Personal HFS History - Gail Ferguson
My name is Gail Ferguson and I am about to turn 43 years old. My HFS began with a small flutter approximately 18 months ago with a diagnosis happening in May 2006. At that time, it was explained to me about Botox® injections and the MVD surgery, and I was sent off to decide what to do. Over the past year, I have researched extensively and read probably everything on this site, while the spasms have become increasingly worse. The whole left side of my face goes into spasm. I work as an administrative assistant and receptionist and have become increasingly self-conscious of the spasms. Coworkers are wonderful, as it has been explained to them what it is. As someone who has always suffered from headaches of varying degrees including migraines, the spasms do nothing more than irritate an already irritable head. The spasms seem to trigger headaches and then in turn the headaches seem to make the spasms worse.

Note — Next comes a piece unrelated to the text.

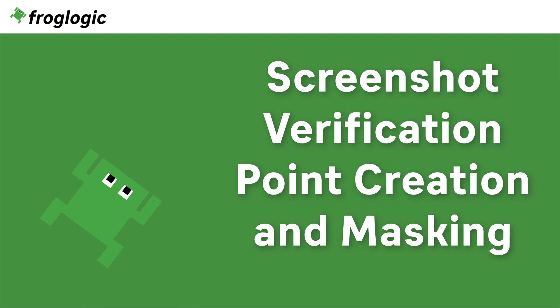Today we are going to take a look at how to create a screenshot verification point and how we can add an additional mask to suit your needs. Let's get started.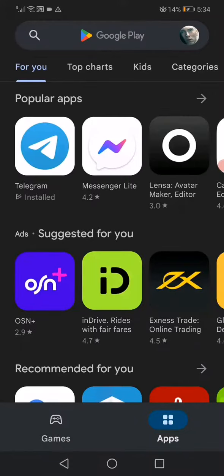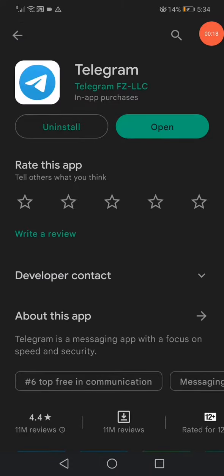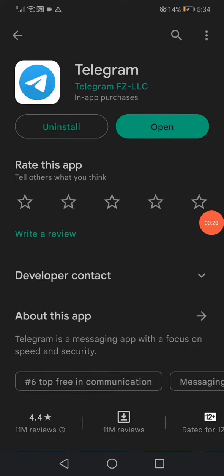Search for Telegram or just click on it like this — this is the Telegram app on the Play Store. Or on the App Store, you can do the same thing. All you have to do is click here on 'Update' if you find an update option, then you have to update the app.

I decided that Botox® injections are not for me. I just couldn’t bring myself to try it, no matter how I tried. Two nights ago, I decided that I have had enough and contacted my family doctor and subsequently the neurologist that diagnosed me and am awaiting a referral to the neurosurgeon. I am happy with the decision, but nervous. The headaches and nausea after surgery really have me concerned as I am so prone to headaches and there hasn’t been a time that I have had surgery when I haven’t thrown up for 24 hours straight.
I want to thank everyone on this site for their unselfish sharing of their stories. It was so comforting to find this site and know that there are so many other people who also suffer from HFS. To be able to read their stories and experiences has made a huge difference to my world.
Keep your fingers crossed, I will post my MVD diary when I have the surgery.
Thanks again.
Permission granted the HFSA to post Personal HFS History on website.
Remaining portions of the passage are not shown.